– Как тебе эта шмаль?
– Чудно. Просто какой-то особый вкус.
– Какая палитра! – стебались мы, наблюдая, как последние остатки приличных деток исчезают за дверью, рассыпаясь в объяснениях и извинениях.
– Не обессудьте, водочки употребить. Обидите!
– Ну что вы, что вы. Как можно-с. Только разве с вами на брудершафт.
– И пивком залакируйте!
– Всенепременно! – наконец за последним не нашим закрылась дверь и праздник потек своим чередом.
– Ты понимаешь, что у Янки Дягилевой не было ни одного шанса? – вопрошала я, требуя ответа не то у Перевала, не то у Господа Бога. Мы уже приняли слишком много, чтобы помнить повод. Всех нас объединяла музыка, подвалы, переходы и неприятие общества. А Янка Дягилева, невесть как утопшая звезда андеграунда, была для нас и кумиром и эталоном. Егор Летов и Янка Дягилева forever.
– Что ты имеешь в виду? – пьяно кивал Тимка и тянул руки за сигаретами.
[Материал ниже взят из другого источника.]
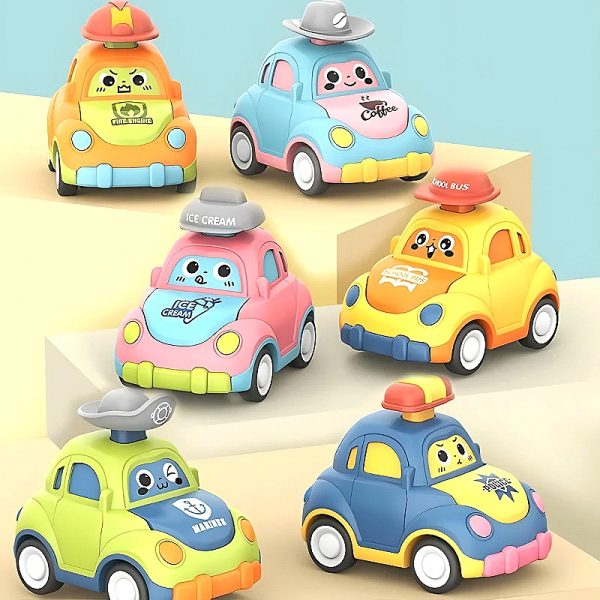 0f542468f4fe Magnetic Push-to-Transform Robot Car — Two-Form Play — Cars & Vehicles by ELKLU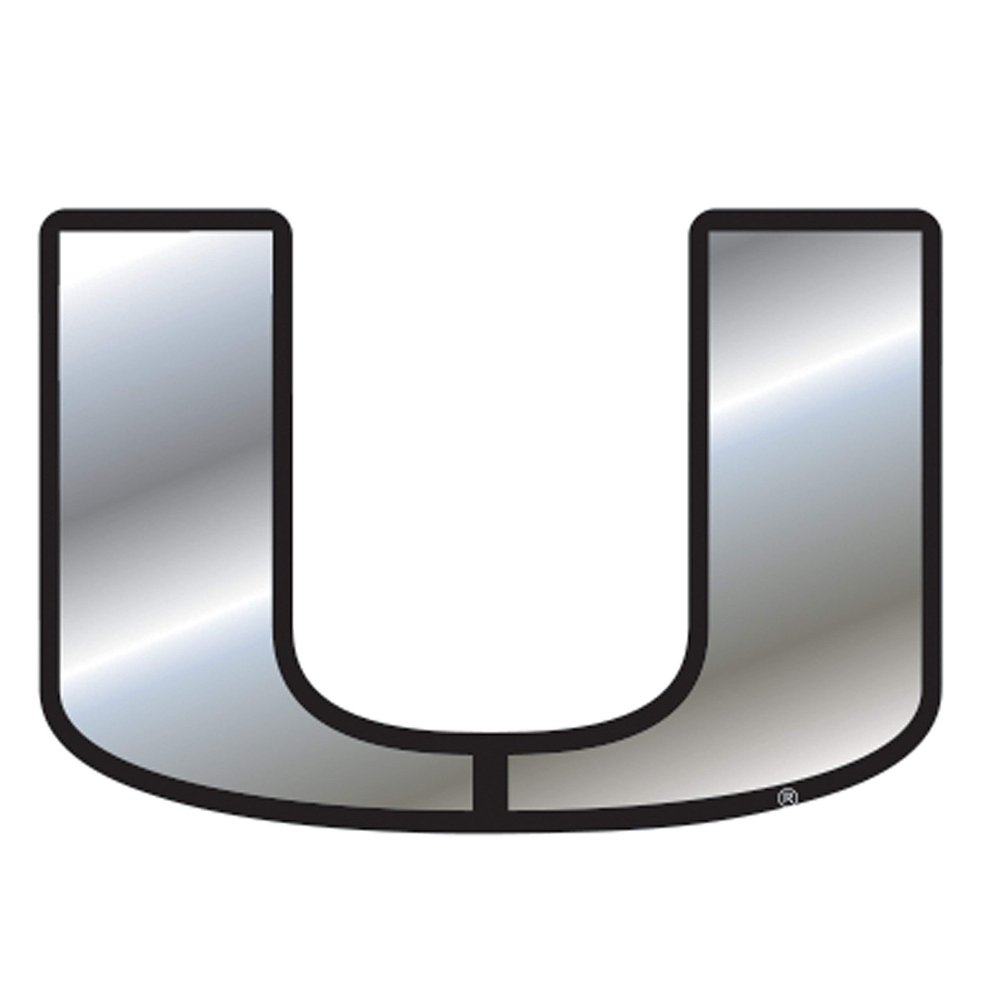Miami Magnet (Chrome U Magnet (3''6''), 3 in)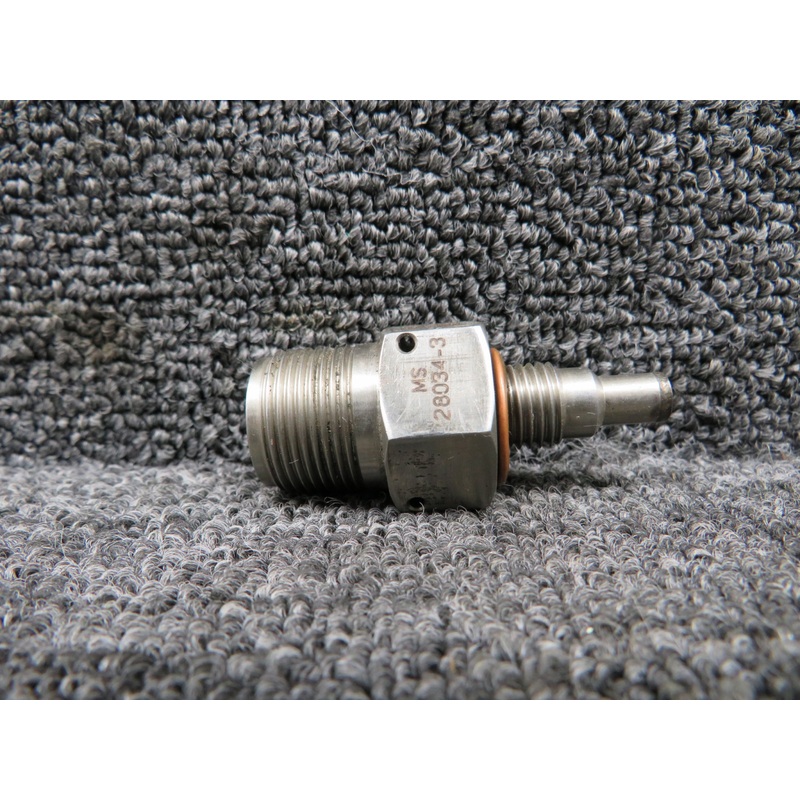 102-00002 (Alt: MS28034-3) Norwich Oil Temperature Probe Assembly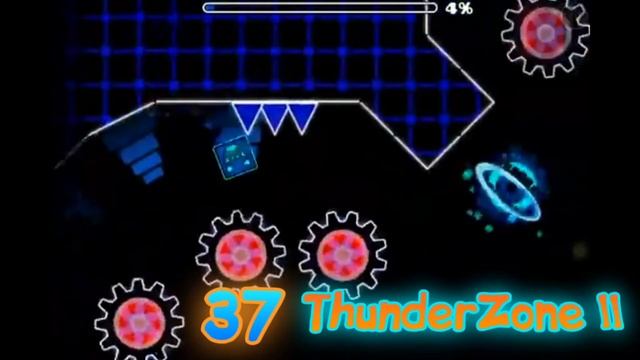 Топ 50 демонов в Geometry Dash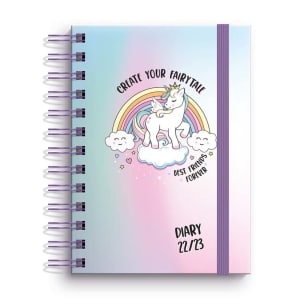 Imagem do produto Agenda Escolar A6 Fairytale Ambar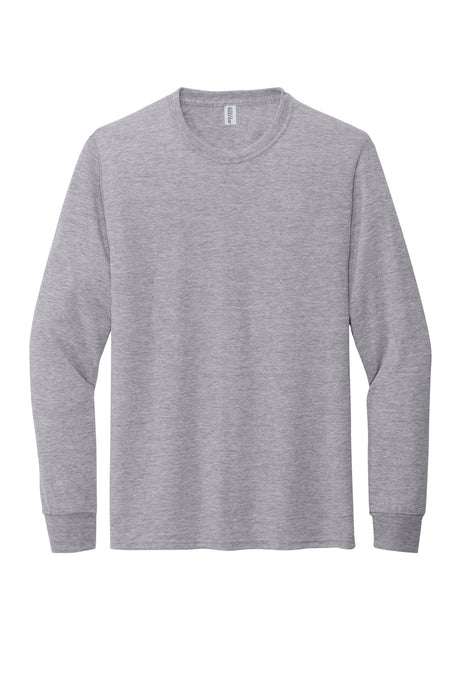 JERZEES Men's Dri-Power 100% Polyester Long Sleeve T-Shirt 21LS JERZEES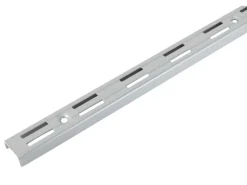 Wandschiene Silber 50 cm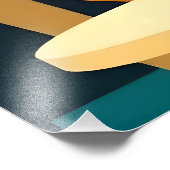 Cocktail Party Couples Shared Attraction Foto Afdruk (Hoek)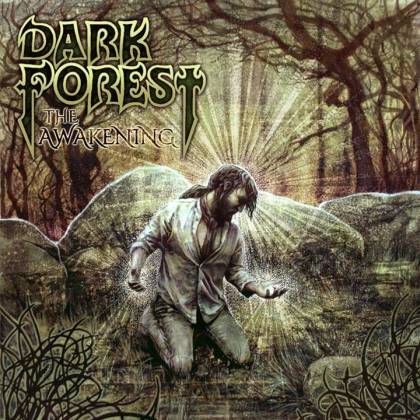 DARK FOREST - The Awakening cover 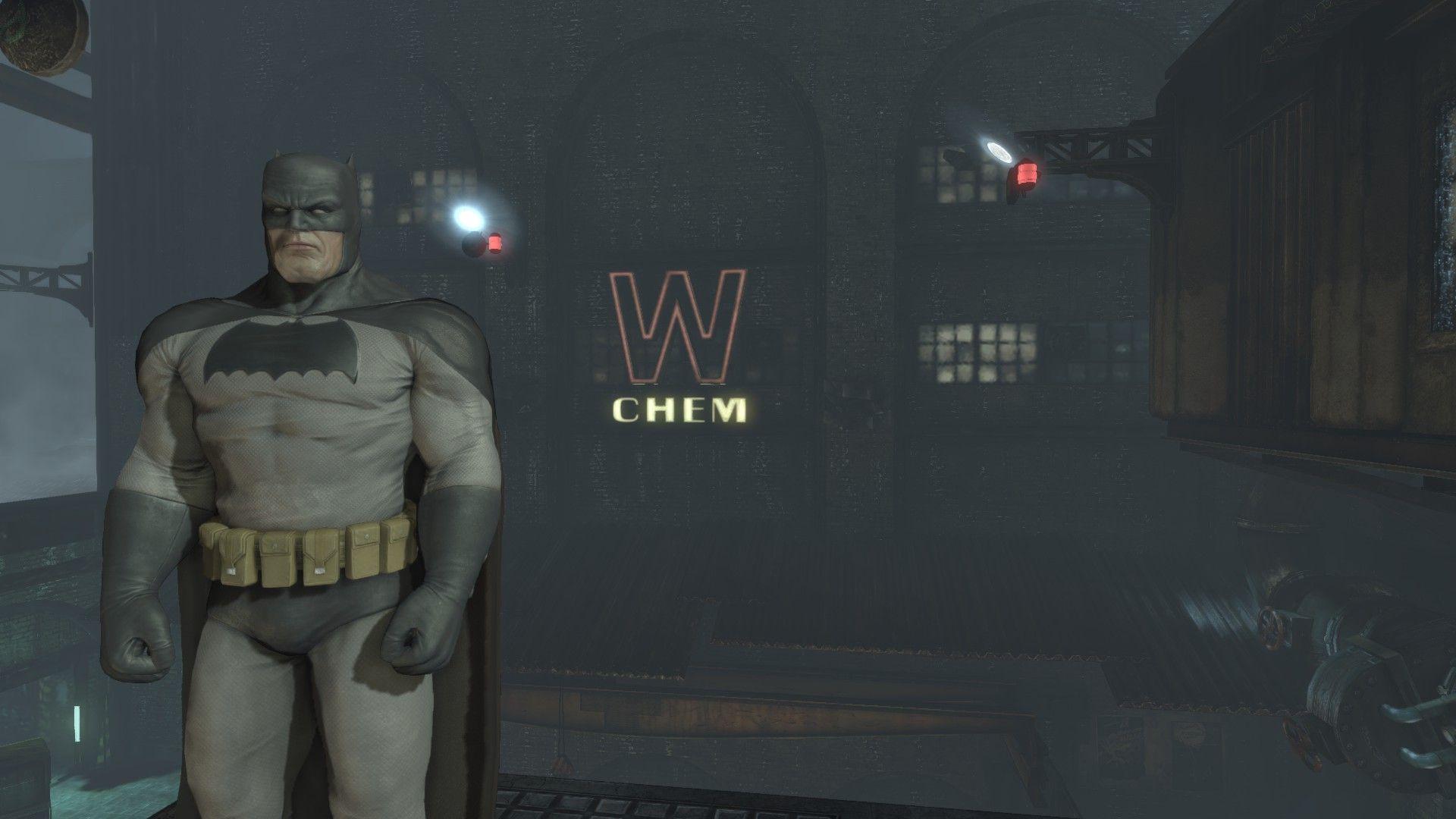 1920x1080 I'd love to see a Frank Miller Style Batman game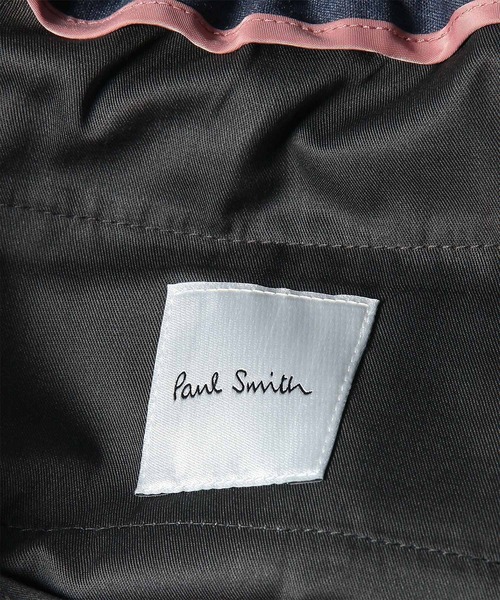 Paul Smith(ポールスミス)の「ライトメランジ ワンタック テーパード トラウザーズ / 163105 056Z(スラックス・メンズ・ブラウン/グレー/ブルー・LARGE/MEDIUM/SMALL/X-LARGE/XX-LARGE)」の6枚目の写真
– А то! С ее душой она и не могла бы выжить.
– Без варианта, – согласился он.
– Она и такие как она, умирают молодыми.
– Таких больше нет.
– Я не об этом. Она была честной. Честной до жути. И раздала себя по частям. И поэтому она и ушла.
– А мне кажется, ей помогли. Как-то странно она утонула.
– Она была ангел. Я хотела бы прожить жизнь так, как она. И уйти также. Молодой. Просто сгореть, – чуть не кричала я.
– Тише, Элис. Что с тобой? – подошел Крыс.
– Дайте гитару.
– Дайте ей гитару, – мне дали мою Болгарку. Дальнейшее я помню с трудом, так как много пела, пила и курила. Из пьяной депрессии меня быстро вывели, мы хором спели:
Ах, куда подевался Кондратий?
Минуту назад ведь он был с нами.
В черном кафтане, в розовых джинсах,
С белым кайфом в кармане.
После чего все весело упились до бесчувствия. Утро встретило нас небывалой картиной. Мы с Тимкой и Крысом, а также с кем-то еще, от кого я видела только ноги и куски торса, лежали вповалку в дальней, маленькой комнате.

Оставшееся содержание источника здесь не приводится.